=== Work to be completed ===
Nothing but the lines below from the one holding "monfenera-apartment-3.sicilyhotelsitaly.net/" up to and including the one holding "Used 2018 Bentley Bentayga image 92" should be copied, exactly and without pictures.

=== Information ===
^^^^^^^^^^^^^^^^

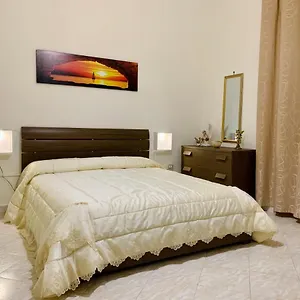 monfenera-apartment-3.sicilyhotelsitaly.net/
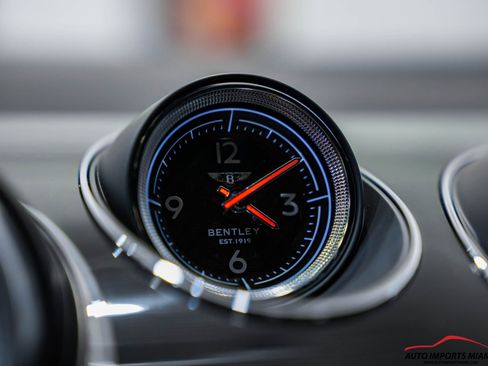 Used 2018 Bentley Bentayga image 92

^^^^^^^^^^^^^^^^

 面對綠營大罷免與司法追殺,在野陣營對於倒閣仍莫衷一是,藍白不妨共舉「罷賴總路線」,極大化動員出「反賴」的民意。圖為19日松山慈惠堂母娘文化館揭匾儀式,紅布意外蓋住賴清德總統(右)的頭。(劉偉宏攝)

^^^^^^^^^^^^^^^^

=== Result ===
 monfenera-apartment-3.sicilyhotelsitaly.net/
 Used 2018 Bentley Bentayga image 92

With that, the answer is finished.